Four awards given to those who improve Davis community
Four community members and organizations accepted the Thong Hy Huynh awards for their involvement in helping improve the Davis community on Tuesday, May 15. These recipients received awards in four categories: civil rights advocacy, community involvement, young humanitarians and lifetime achievement.
The Thong Hy Huynh awards are presented each year in memory of the death of Thong Hy Huynh, a former Davis High School student who was stabbed at the school in a racially motivated incident. After his death in 1983, the award was established to raise awareness of social justice issues in the community of Davis. This award is presented each year to community members and organizations that advocate for diversity, community, social justice and equal rights. The Davis Human Relation Commission leads the nomination process.
The civil rights advocacy award was presented to Wendi Counta, the executive director of the Progress Ranch. This award was given to an individual that the Humans Rights Commision felt helped the disadvantaged and disempowered in the community. Counta and Progress Ranch give boys ages 8 to 14 facing homelessness a temporary home. Progress Ranch provides professional mental health assistance to the boys while also maintaining a homelike environment.
“I’m surrounded by people who are passionate about what we do, and we have a wonderful program here in Davis and it stands out in this field,” Counta said. “I am strengthened daily by the resiliency of the boys that we work with, and there’s nothing like having the Davis community to support our boys. They really change because of our community and how much they […] support them.”
The community involvement award was presented to Greg Wolfe, a rabbi who has been an interfaith leader in the Davis community for over 20 years. Wolfe received his award for promoting positive human relations, equal opportunities and civil rights in Davis. His congregation consists of over 260 families.
“To be able to be honored for something you had really loved to do and is so important […] there’s really no words to express what that means,” Wolfe said. “I am so proud of [the] community for the work that we’ve done in building bridges between the two communities and of course there is a lot more work to be done.”
The next award that was presented was the Young Humanitarian Award to the Student Solidarity Task Force. The group was formed in Fall 2014 as a response to incidents of racism, homophobia and anti-Semitism. The group consists of people from many racial and ethnic backgrounds. One of the reasons that the SSTF was presented the award was through six panel discussions, in which minority groups spoke about their experiences in the Davis educational spaces.
“The students of the SSTF embody some of the best of this generation,” said Will Arnold, Davis city councilmember. “A sense of responsibility based on personal experience, universal well-being and an approach to change that insists that our capacity to listen to all voices and perspectives directly affects our ability to solve all of the problems of the present and of the future.”
The lifetime achievement award was presented to Gwyneth Bruch, a Davis High School teacher. The award is given to someone for their significant civil rights efforts over a long period of time in Davis.
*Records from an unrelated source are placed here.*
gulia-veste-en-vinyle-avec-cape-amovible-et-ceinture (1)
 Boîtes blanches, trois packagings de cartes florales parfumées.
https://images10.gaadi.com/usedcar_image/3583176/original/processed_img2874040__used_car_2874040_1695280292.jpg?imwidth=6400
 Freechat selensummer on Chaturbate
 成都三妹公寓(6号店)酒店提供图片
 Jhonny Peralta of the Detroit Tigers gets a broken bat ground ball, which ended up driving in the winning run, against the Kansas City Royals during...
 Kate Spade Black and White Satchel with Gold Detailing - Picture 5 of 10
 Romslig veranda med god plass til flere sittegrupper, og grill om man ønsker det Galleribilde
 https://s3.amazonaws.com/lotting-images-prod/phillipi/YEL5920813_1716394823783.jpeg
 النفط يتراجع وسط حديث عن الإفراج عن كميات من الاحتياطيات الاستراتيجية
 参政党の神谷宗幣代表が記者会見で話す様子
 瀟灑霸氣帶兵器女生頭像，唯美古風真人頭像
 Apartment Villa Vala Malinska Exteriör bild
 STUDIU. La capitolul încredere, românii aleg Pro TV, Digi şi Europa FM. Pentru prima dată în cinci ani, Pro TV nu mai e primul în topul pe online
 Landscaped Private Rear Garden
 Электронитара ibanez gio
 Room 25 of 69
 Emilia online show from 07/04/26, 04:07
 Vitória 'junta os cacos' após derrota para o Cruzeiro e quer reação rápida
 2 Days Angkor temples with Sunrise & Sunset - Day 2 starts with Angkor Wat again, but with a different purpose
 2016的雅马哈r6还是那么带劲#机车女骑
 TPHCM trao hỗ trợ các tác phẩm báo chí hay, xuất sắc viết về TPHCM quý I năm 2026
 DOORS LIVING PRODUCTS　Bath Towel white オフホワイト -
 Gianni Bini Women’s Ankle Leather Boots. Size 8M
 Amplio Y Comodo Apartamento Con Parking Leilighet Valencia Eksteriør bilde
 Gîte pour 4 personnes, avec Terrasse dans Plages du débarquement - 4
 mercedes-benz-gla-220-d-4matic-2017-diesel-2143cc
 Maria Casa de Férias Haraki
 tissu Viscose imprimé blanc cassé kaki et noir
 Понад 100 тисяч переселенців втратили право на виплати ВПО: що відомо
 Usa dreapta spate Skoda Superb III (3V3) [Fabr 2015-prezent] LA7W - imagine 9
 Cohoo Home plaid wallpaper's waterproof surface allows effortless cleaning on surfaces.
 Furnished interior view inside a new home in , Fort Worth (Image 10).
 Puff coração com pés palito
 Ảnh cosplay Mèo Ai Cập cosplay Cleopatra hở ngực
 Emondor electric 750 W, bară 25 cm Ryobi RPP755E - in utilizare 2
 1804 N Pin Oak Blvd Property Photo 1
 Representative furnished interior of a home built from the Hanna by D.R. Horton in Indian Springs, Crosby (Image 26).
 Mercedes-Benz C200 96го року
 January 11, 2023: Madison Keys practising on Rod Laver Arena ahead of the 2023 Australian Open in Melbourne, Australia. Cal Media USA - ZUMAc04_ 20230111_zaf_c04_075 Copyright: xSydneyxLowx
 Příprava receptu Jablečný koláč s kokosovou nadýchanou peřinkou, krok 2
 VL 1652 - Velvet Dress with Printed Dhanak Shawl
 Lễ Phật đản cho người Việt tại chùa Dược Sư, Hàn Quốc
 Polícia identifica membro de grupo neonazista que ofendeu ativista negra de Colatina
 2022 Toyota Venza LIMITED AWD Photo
One of the reasons that Bruch was given the award was because she put on drama productions that highlighted social justice issues.
“When several incidents of hate occured on the DHS campus this fall, [Bruch] announced that she would be looking for a production that would help the community understand and process events that are both well understood and difficult to reconcile,” said Lucas Frerichs, a Davis city councilmember. “[Bruch] embodies so much of what the Thong Hy Huynh award is intended for: abiding personal and professional commitment to justice and civil rights.”